También fue otro desacierto ajustar el número de diputados en proporción al aumento de la población.
Y que esa sola asamblea decida por igual sobre cuestiones de derecho privado y de derecho público, lo que ha hecho del Legislativo, en la práctica, un poder ilimitado. Más bien, tales decisiones deberían ser reservadas a órganos más especializados, a una Cámara Alta y a una Cámara Baja respectivamente.
Que la elección de los magistrados para el Poder Judicial pase por el tamiz del más partidista de los poderes, el Congreso, y por un plazo máximo de cinco años, peor aún, con las presidencias de la Corte Suprema y de la Corte de Constitucionalidad sujetas a rotación anual, se ha comprobado receta segura para la politización de la justicia.
O equiparar los derechos “sociales”, que no obligan a nadie, a los individuales que sí obligan a todos y, además, interpretados, según el simplismo de que los intereses generales son superiores a los particulares —sin especificar que “es del interés general” que se respeten los particulares—, se ha erigido en una abierta invitación a demagogos para atropellar los intereses legítimos de particulares.
La Corte de Constitucionalidad nos ha decepcionado como baluarte de la inviolabilidad del orden constitucional.

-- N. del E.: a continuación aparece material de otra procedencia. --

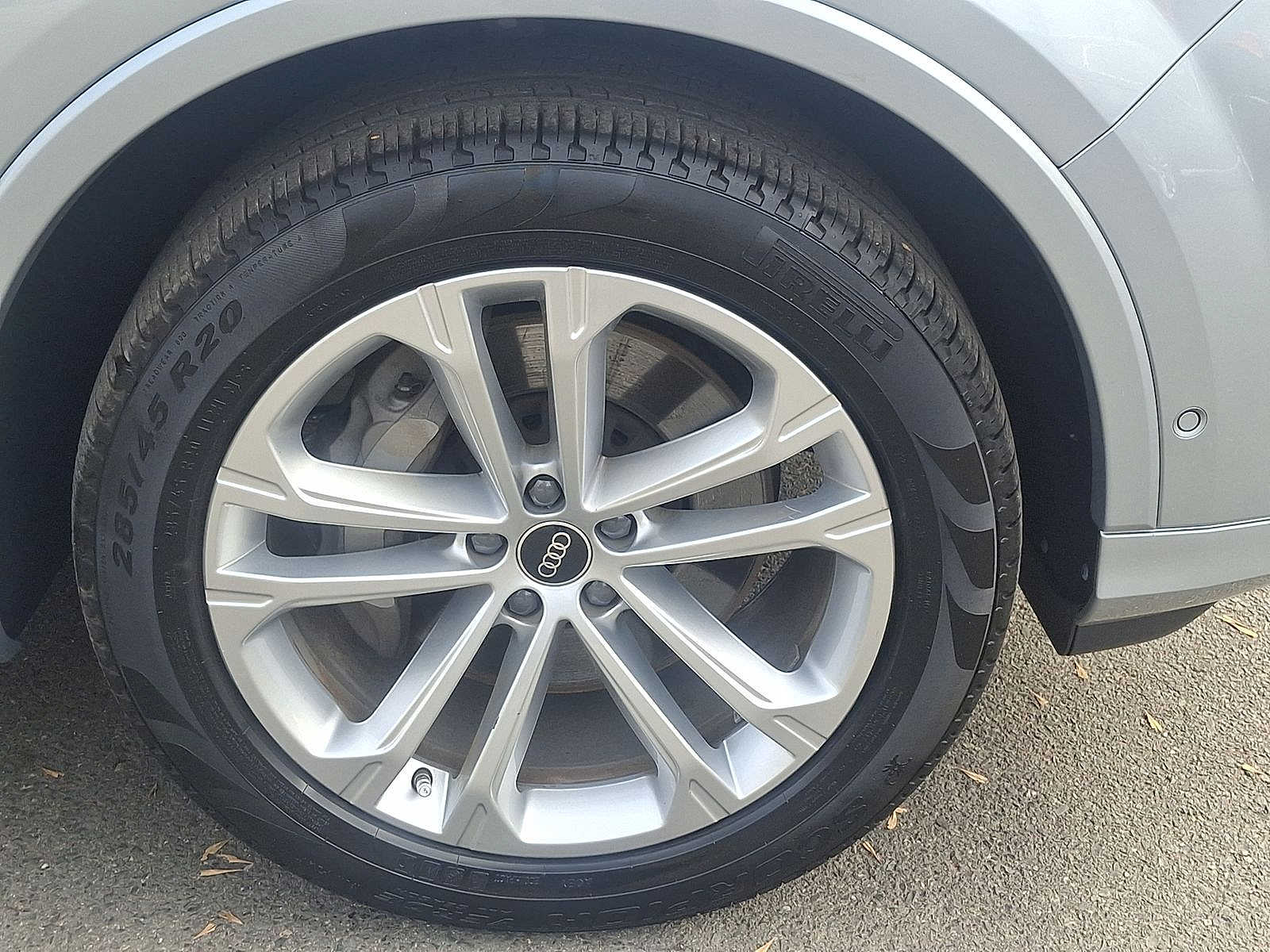 Thumbnail: 2025 Audi Q7 - 24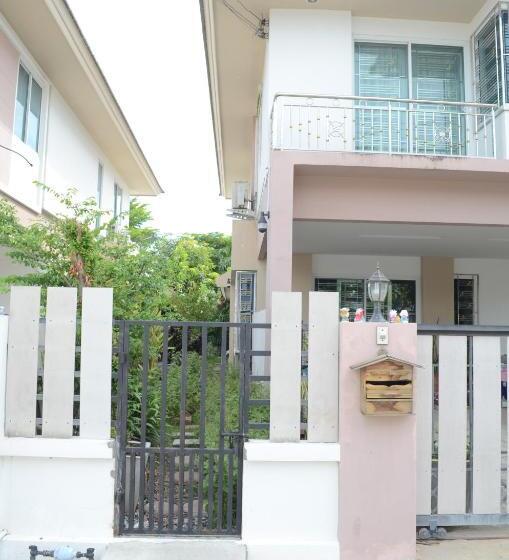 اتاق لوکس با تخت بزرگ, Modern Room At Sabai Sabai Homestay Ayutthaya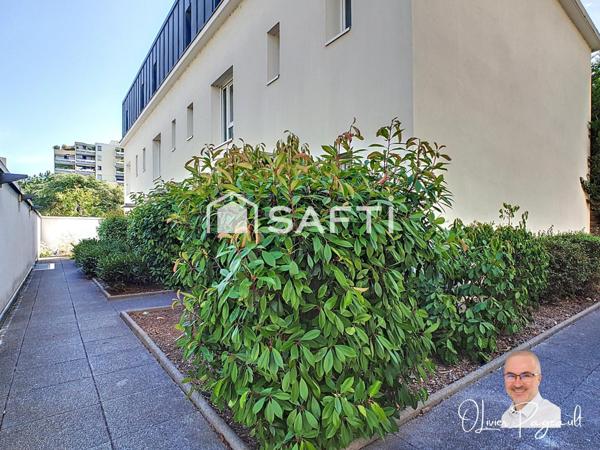 VILLA T5 EN TRIPLEX, MODERNE AUX PORTES DE LYON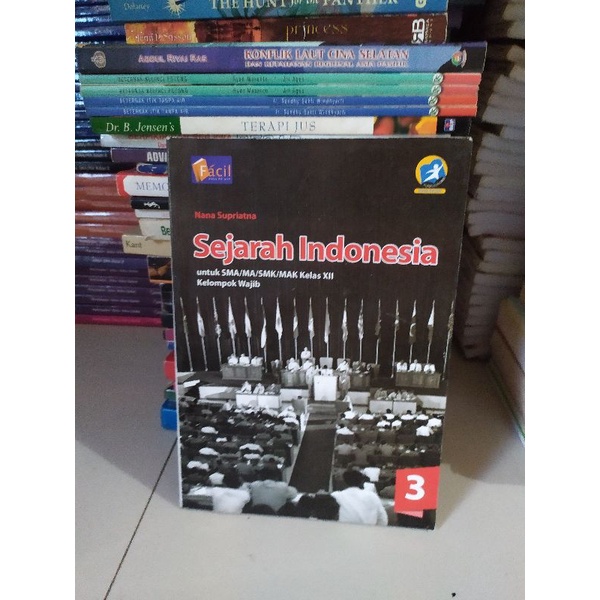 Sejarah Indonesia untuk SMA kelas 12 k.2013 facil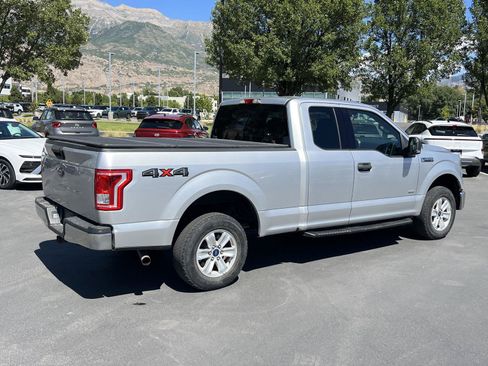 Used 2017 Ford F150 XLT w/ Equipment Group 301A Mid AWD/4WD image 7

Ni siquiera se atiene en sus resoluciones a los plazos de ley. Y hasta se ha mostrado demasiado porosa para los abusos del recurso de amparo.
Los sucesivos procuradores de los derechos humanos, no menos, han mostrado escasa coherencia en sus criterios jurídicos.
Estas son tan sólo algunas viñetas de lo que se tiene en mente reformar de acuerdo con la publicitada propuesta del Comité Pro Reforma ([email protected]), integrado con toda deliberación por ciudadanos particulares, no partidos políticos.
Proponen someter a referéndum sus propuestas. Para ello ya tienen el número más que necesario de las firmas prescritas por ley. Pero las quieren llevar al Congreso en cuanto un bloque íntegro, sin adiciones o substracciones de los diputados.
De llevarse a cabo, recibirá la indignada moral ciudadana su merecido y esperado alivio.